State leakage during fast decay and control of a superconducting transmon qubit

TL;DR

This paper investigates state leakage in superconducting transmon qubits, revealing significant short-time leakage effects and demonstrating suppression techniques, thereby clarifying the limits of the two-level approximation in qubit control.

Contribution

It provides a numerically exact analysis of state leakage in transmon qubits, highlighting the impact of higher excited states on decay and gate fidelity, and shows how DRAG control mitigates leakage errors.

Findings

Significant short-time state leakage due to bath coupling.

Quantification of leakage errors in single-qubit gates.

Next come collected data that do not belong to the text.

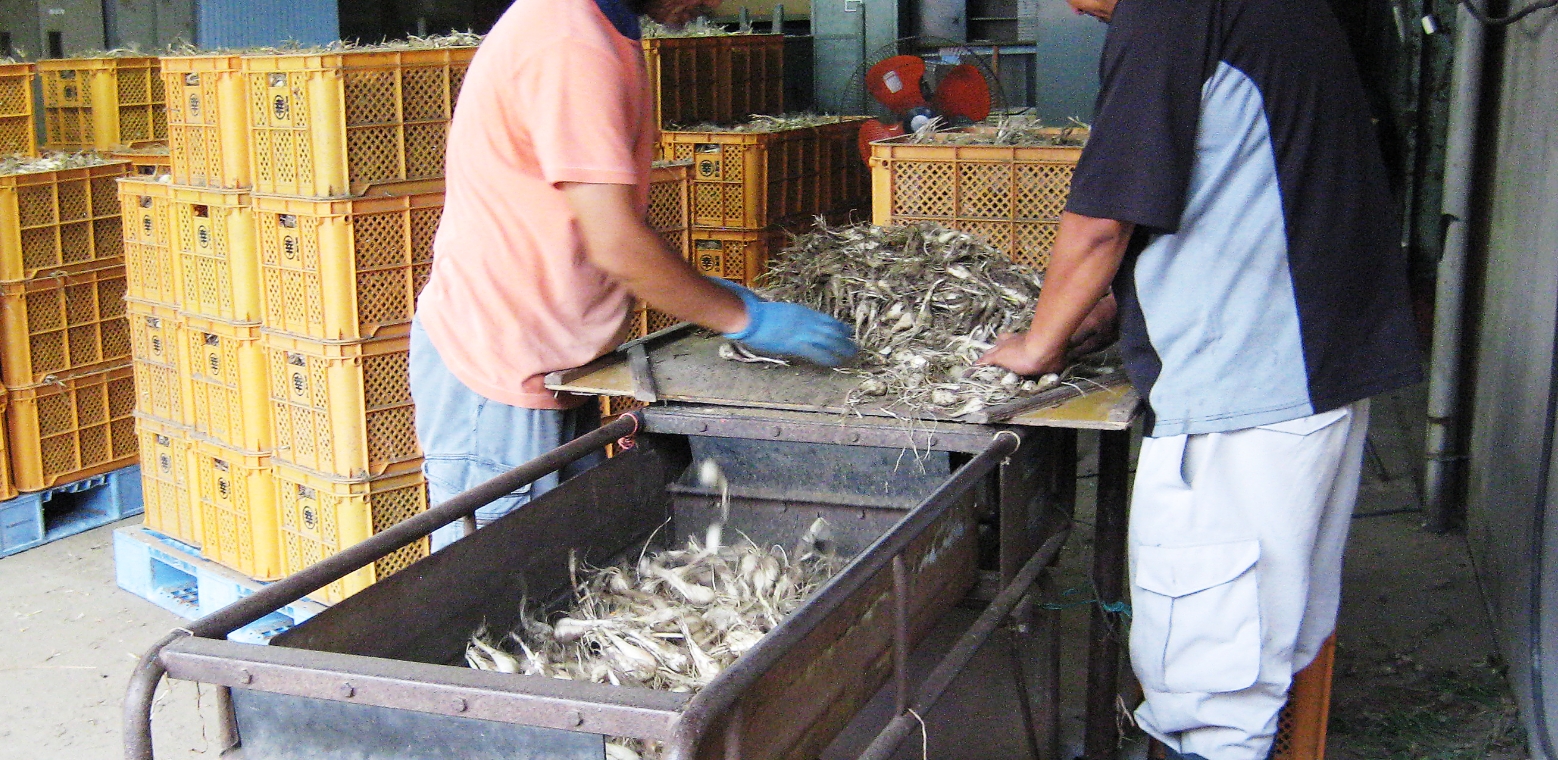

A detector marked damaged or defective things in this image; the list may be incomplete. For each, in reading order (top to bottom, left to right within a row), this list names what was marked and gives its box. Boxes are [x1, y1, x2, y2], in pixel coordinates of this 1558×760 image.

rusty metal cart [125, 328, 1144, 760]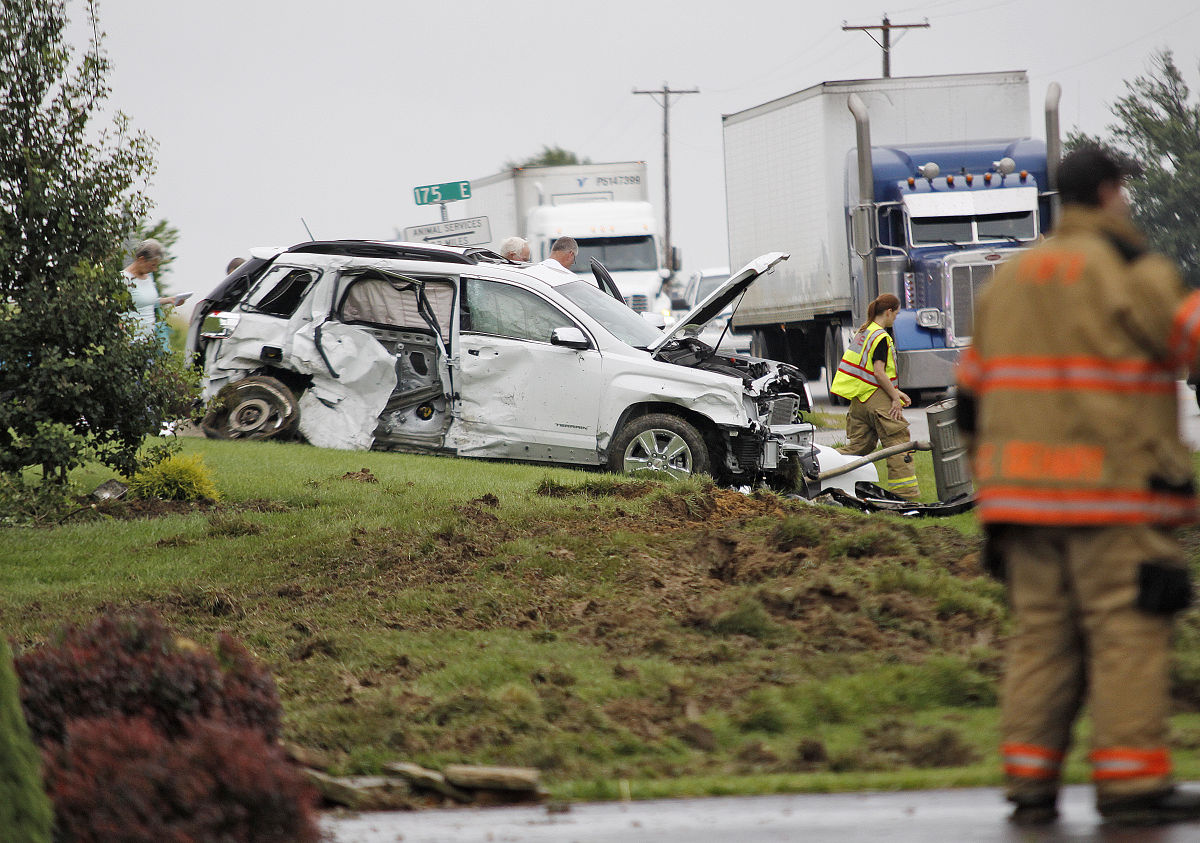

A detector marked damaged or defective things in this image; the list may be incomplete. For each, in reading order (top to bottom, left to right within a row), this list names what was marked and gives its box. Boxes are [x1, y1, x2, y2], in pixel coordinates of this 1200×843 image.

wrecked white suv [187, 241, 820, 489]
damaged car door [451, 276, 600, 461]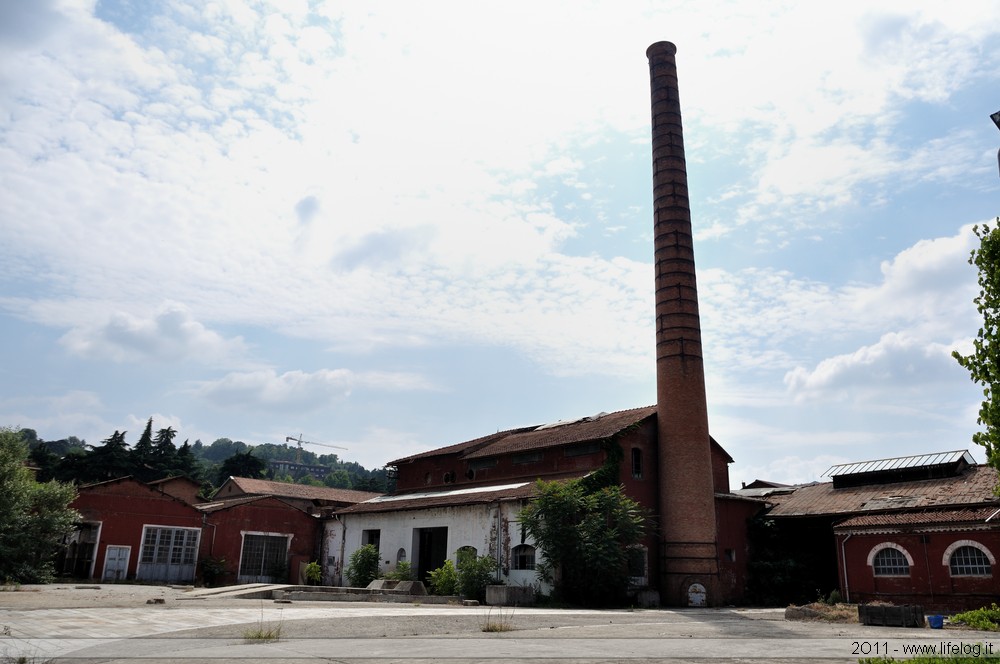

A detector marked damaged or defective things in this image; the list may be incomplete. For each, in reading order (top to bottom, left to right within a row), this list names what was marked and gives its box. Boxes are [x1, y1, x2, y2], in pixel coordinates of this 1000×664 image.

broken roof section [820, 448, 976, 490]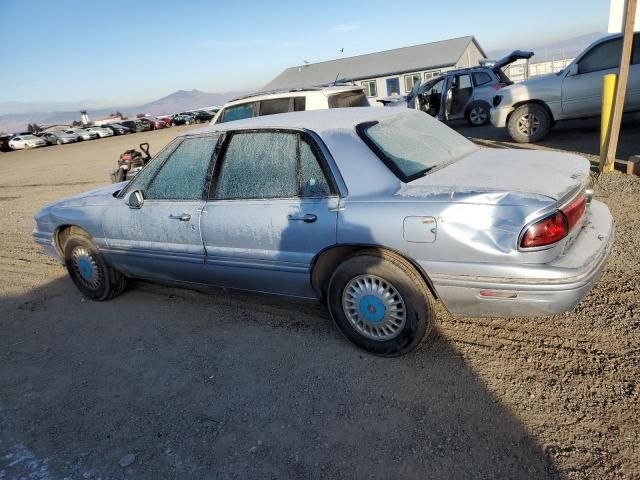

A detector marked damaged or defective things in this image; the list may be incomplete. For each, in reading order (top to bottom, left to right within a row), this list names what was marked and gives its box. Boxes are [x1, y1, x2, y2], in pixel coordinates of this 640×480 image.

damaged car [32, 109, 612, 356]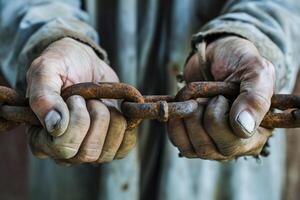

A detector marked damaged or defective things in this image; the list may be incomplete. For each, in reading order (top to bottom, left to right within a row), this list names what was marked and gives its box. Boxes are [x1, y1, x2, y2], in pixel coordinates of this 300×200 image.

rusty metal chain [0, 81, 298, 131]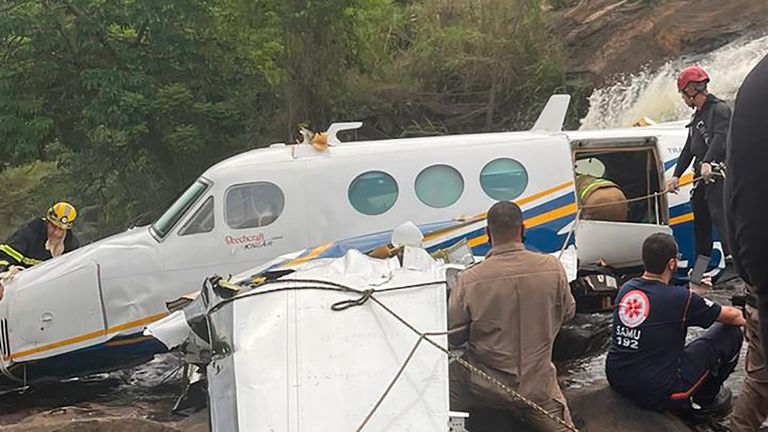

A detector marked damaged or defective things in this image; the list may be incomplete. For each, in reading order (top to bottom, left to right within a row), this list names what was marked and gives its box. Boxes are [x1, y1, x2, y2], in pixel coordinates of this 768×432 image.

Demonstration of leakage suppression using DRAG control.

Abstract

Superconducting Josephson junction qubits constitute the main current technology for many applications, including scalable quantum computers and thermal devices. Theoretical modeling of such systems is usually done within the two-level approximation. However, accurate theoretical modeling requires taking into account the influence of the higher excited states without limiting the system to the two-level qubit subspace. Here, we study the dynamics and control of a superconducting transmon using the numerically exact stochastic Liouville-von Neumann equation approach. We focus on the role of state leakage from the ideal two-level subspace for bath induced decay and single-qubit gate operations. We find significant short-time state leakage due to the strong coupling to the bath. We quantify the leakage errors in single-qubit gates and demonstrate their suppression with DRAG control for a five-level transmon in the presence of decoherence. Our results predict the limits of accuracy of the two-level approximation and possible intrinsic constraints in qubit dynamics and control for an experimentally relevant parameter set.